We carried out the description of the concept in a generic way. The motivation to do so is to give software engineers and testers the opportunity to adopt the concept, but implement it in a way fitting to their needs, attacked device, and measurement environment. These factors influence the quality of the power traces and hence the quality of the results. During the evaluation of different aspects of the concept and its implementation we payed attention to the transferability of side-channel aware fuzzing. Even though we fuzzed solely one specific DUT, a broader range of embedded devices can be analyzed with our concept. As can be seen in Section 2, considerable success has been achieved in side-channel based reverse engineering. In related work a significant part of the instruction sequence executed by different RISC-based target devices was successfully reconstructed. With this state-of-the art research and the fact, that our concept is based on a successful branch detection we suffer no limitations regarding transferability to other RISC-based target devices. In future work we will further investigate this assumption.

Furthermore we plan to target the challenge of detecting faults in embedded devices during fuzzing. Such faults often trigger a reboot of the device which is a known sequence of actions resulting in characteristic power traces. In an additional preprocessing step prior to the SCA calculations a machine learning based classifier could detect reboot sequences. This information could then be sent to the fuzzing tool.

5 Conclusion

In this paper we combine the two yet unlinked but well studied research fields of fuzzing and side-channel analysis to enable white-box fuzzing of software on embedded devices. With the results we gained from our proof of concept we show that the power side-channel provides sufficient information for a feedback-driven fuzzing loop.

Side-channel aware fuzzing is a threefold concept in which we ultimately assign scores to fuzzing inputs. The scores are proportional to the code coverage during the processing of the individual inputs. We use the number of basic block transitions to assess the code coverage and calculate the scores. In the machine learning based feature extraction approach we analyze the power consumption of the targeted embedded device. With the extracted features we discover the time when the device executes branch instructions which are the borders between basic blocks. Furthermore, we reconstruct the jump distances of the branches. In addition to that, we calculate fingerprints of the trace segments showing the basic blocks. We secondly conduct a control flow reconstruction using the extracted features.
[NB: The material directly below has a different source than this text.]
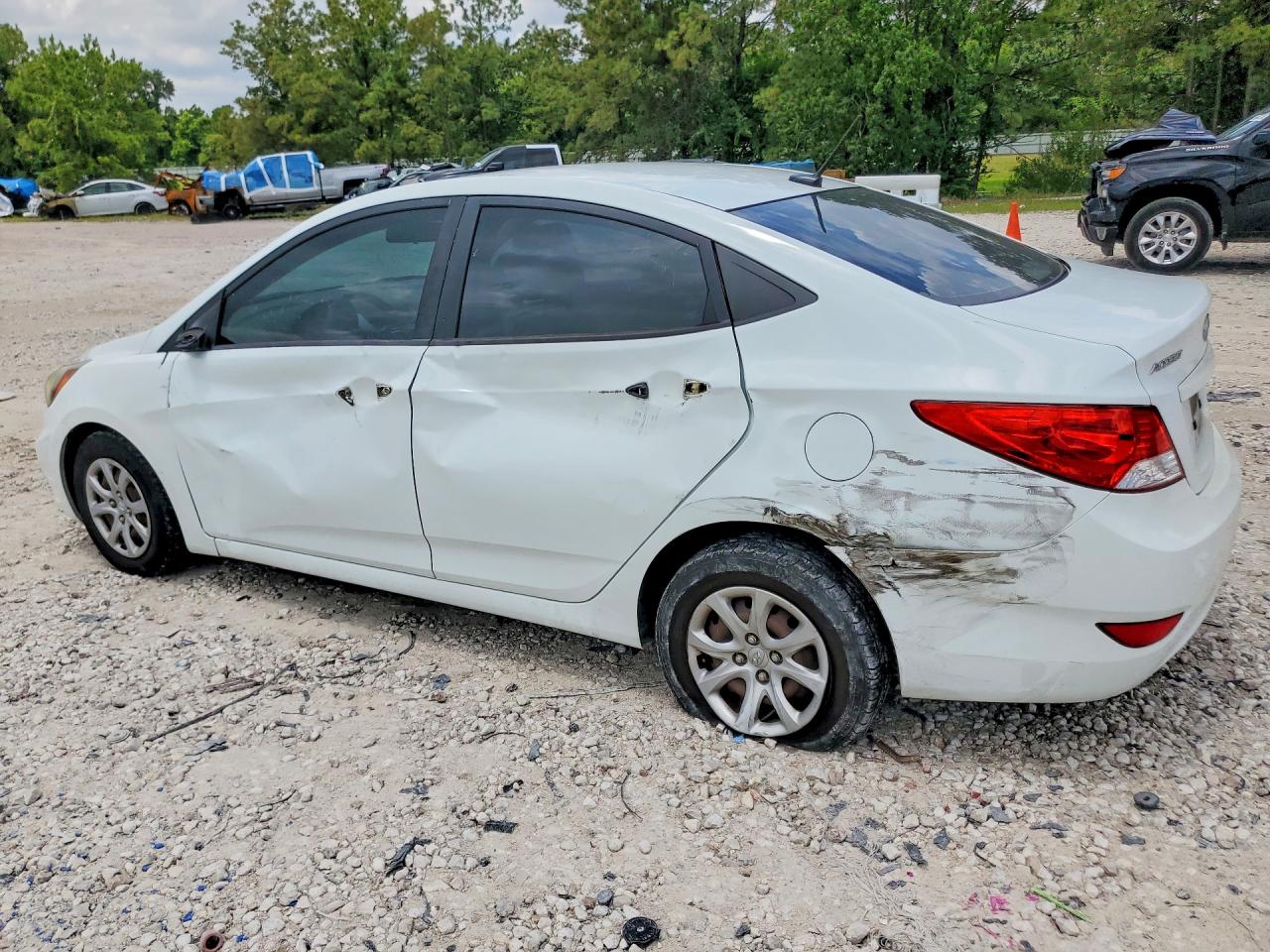 2012 Hyundai Accent Gls White vin: KMHCT4AE8CU241352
By evaluating either the branch distances or fingerprints of the trace parts between the branches, we are able to determine if we triggered a new basic block transition. In the final score calculation, we use the control flow of the software to calculate the score of the inputs sent to the target device.

We carried out the proof of concept on a state-of-the-art ARM Cortex-M4 microcontroller. The structure of our synthetic test code allows calculation of the code coverage triggered by an input so that future work may employ it as a base line. Using this test code and an implementation of our concept, we are able to see a strong correlation between our calculated scores and the theoretical scores. The maximal correlation coefficient we achieved is . Additionally we correctly estimated the number of basic block transitions in a light-weight AES implementation using our framework. This states a significant step towards white-box fuzzing for vulnerability detection on embedded devices.